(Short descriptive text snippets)
= = = = = = =

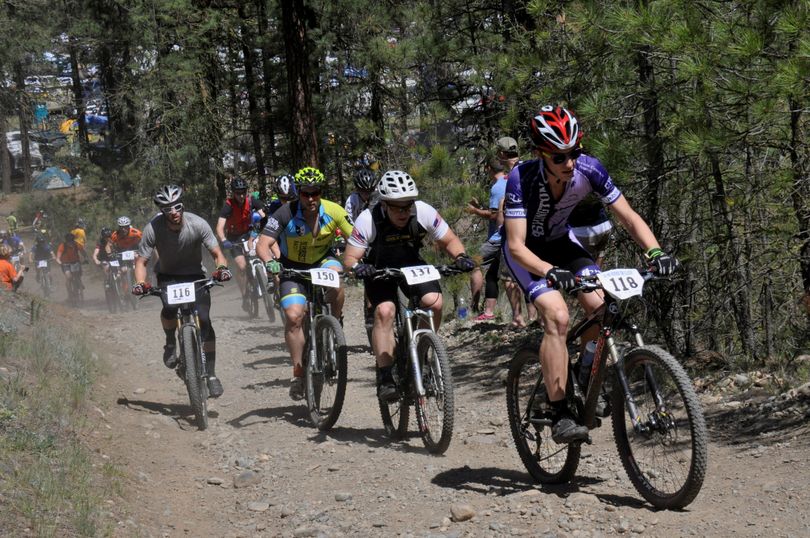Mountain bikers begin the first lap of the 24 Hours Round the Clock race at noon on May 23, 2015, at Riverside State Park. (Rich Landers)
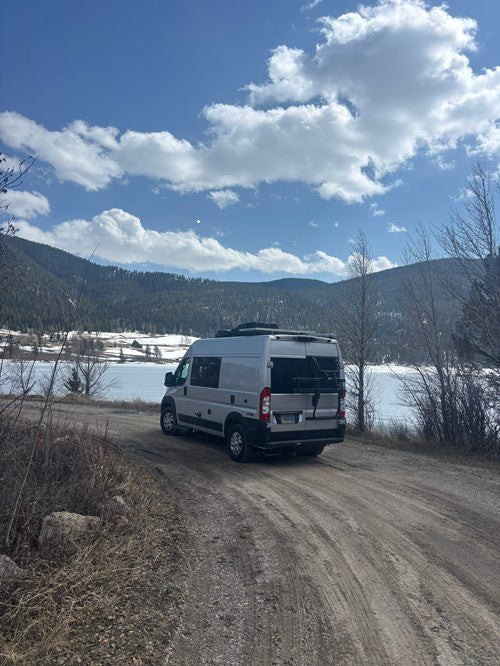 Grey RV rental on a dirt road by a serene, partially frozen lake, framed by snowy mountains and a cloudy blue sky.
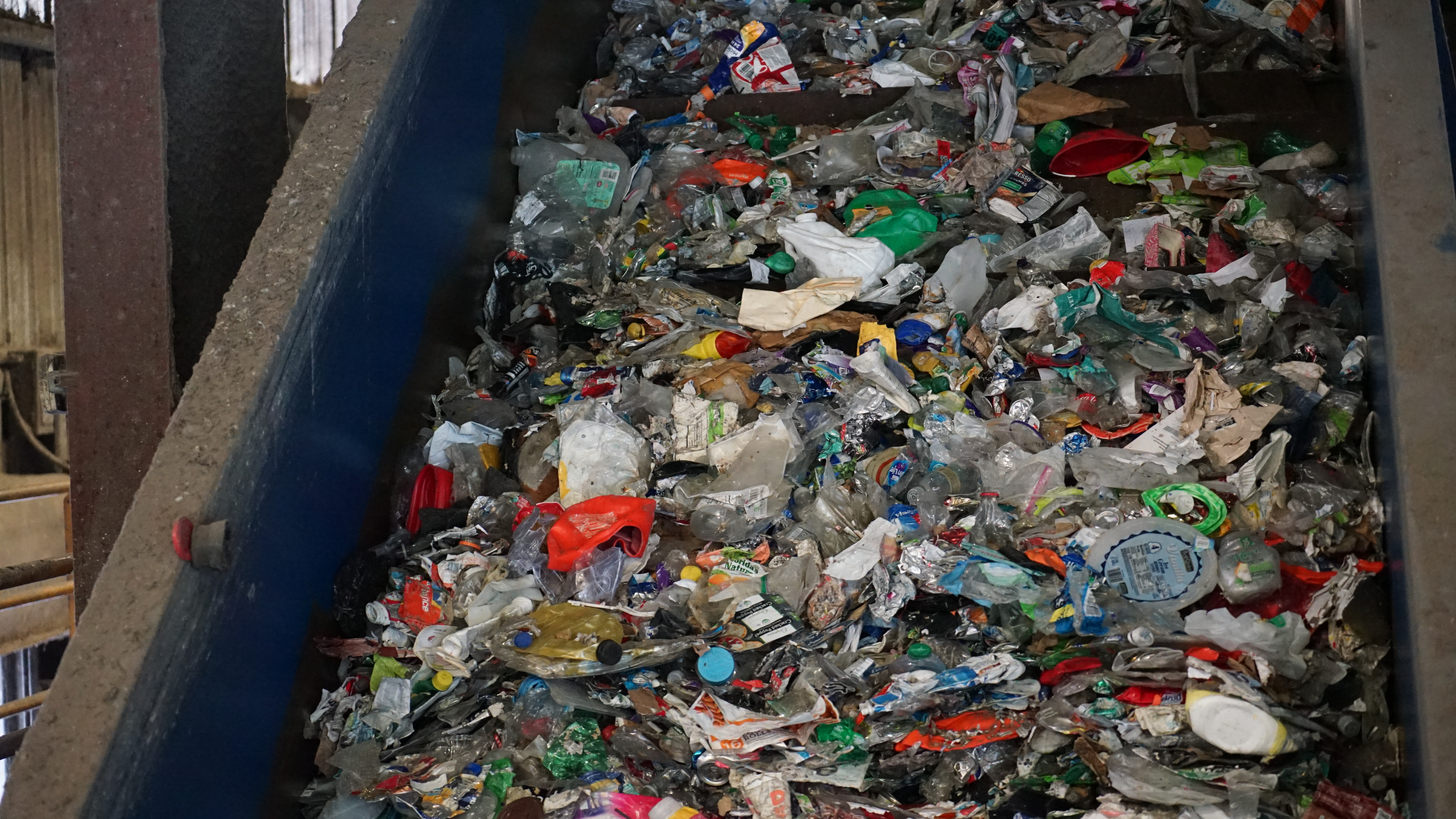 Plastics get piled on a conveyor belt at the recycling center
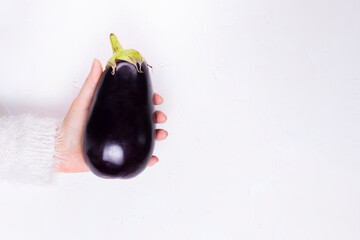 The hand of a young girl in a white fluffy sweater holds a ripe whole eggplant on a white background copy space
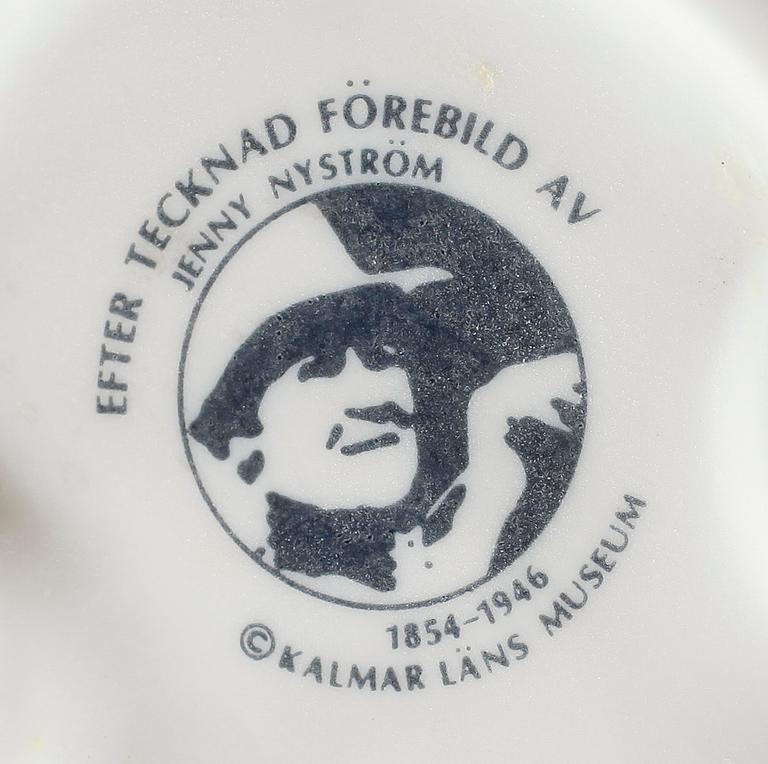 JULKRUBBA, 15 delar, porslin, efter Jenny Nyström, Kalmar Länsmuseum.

= = = = = = =

→ Problem statement
Please retype exactly the lines from the one containing "Plastics get piled" through the last line of the records, both included, leaving out every picture.

→ Response
 Plastics get piled on a conveyor belt at the recycling center
 The hand of a young girl in a white fluffy sweater holds a ripe whole eggplant on a white background copy space
 JULKRUBBA, 15 delar, porslin, efter Jenny Nyström, Kalmar Länsmuseum.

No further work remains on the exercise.